Abbas advisor to 'Post': Fatah will activate mass popular resistance

Fatah leaders including Zomlot say the upcoming Congress will be a turning point for Palestinian politics.

Jordanian protesters wave the national and Palestinian flags in Amman (photo credit: AFP PHOTO)
Jordanian protesters wave the national and Palestinian flags in Amman
(photo credit: AFP PHOTO)
Fatah plans to adopt a strategy to strengthen popular resistance against Israel’s military rule at an upcoming leadership meeting, Husam Zomlot, Palestinian Authority President Abbas’s adviser for strategic affairs, told The Jerusalem Post.
“We plan to activate fully popular resistance at the Fatah Congress,” Zomlot said in a meeting at the Grand Park Hotel on Wednesday. “While we have already activated this part of our strategy and seen many successes with protests against the separation wall and boycott of Israeli products during the last Gaza war, we need to expand popular resistance and build a larger protest movement against Israel, raising the cost of the occupation.”
The congress, set to take place on November 29, will see some 1,400 Fatah members assemble, to elect leaders to the movement’s two most authoritative bodies, the Central Committee and the Revolutionary Council, and set a strategy for the coming five years.
Husam Zomlot, PA President Mahmoud Abbas's advisor for Strategic Affairs. (Photo credit: ADAM RASGON)

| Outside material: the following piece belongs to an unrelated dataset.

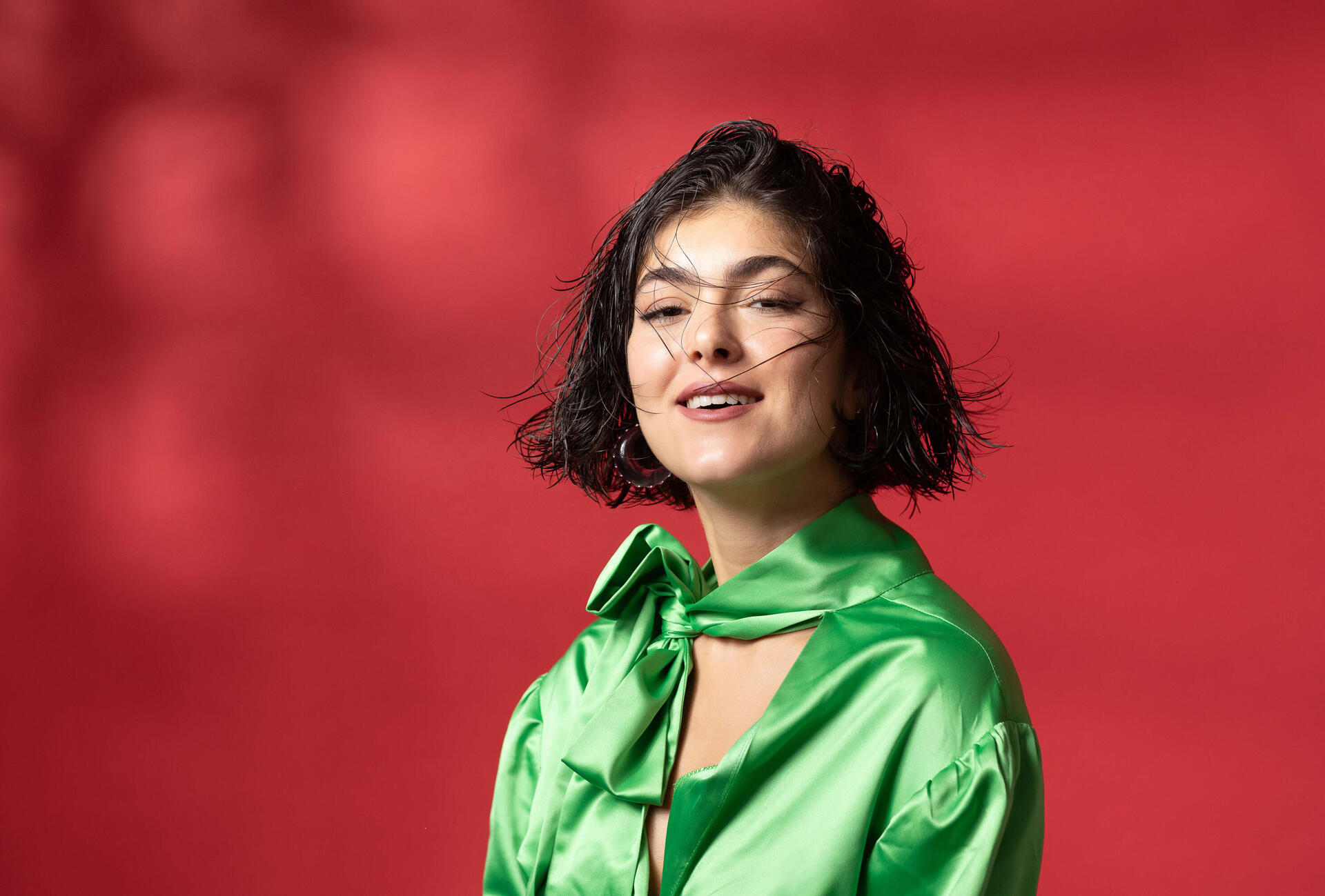 השחקנית הצעירה אלינור וייל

Since Abbas became Fatah chairman in 2004, he and other Fatah leaders have consistently stated their support for “popular resistance,” backing protests against the West Bank security barrier and boycott of a limited number of Israeli products, but have yet to form a mass protest movement.
Zomlot did not reveal the details of Fatah’s plans to “fully activate” popular resistance, but said “it must take a mass form in order to be effective,” adding that proposals “will be discussed at the congress.”
Protestors in Hebron
Bassam Shweiki, a Palestinian activist and co-chairman of the Hebron Defense Committee, told the Post that he welcomes any effort to advance popular resistance, but said he does not think Fatah considers popular resistance a priority.
“I hope that the activation of popular resistance will be on the agenda of the 7th Fatah Congress, but frankly I do not see any horizon as Fatah is focusing on other challenges,” Shweiki said. “Nonetheless, if they do fully activate popular resistance, I think Fatah will restore its place with the Palestinian people as a movement struggling to regain the national rights of its people.”
Fatah has largely focused on advancing the Palestinian leadership’s international efforts to gain recognition and challenge Israel’s military rule since the last Fatah Congress in 2009.
Fatah leaders including Zomlot say the upcoming congress will be a turning point for Palestinian politics and pave the way for reconvening of the Palestinian National Council, the PLO’s legislative body, and thereafter parliamentary and presidential elections.
Fatah figures critical of Abbas including his rival Muhammad Dahlan say that the upcoming congress was called in order to oust them from leadership positions.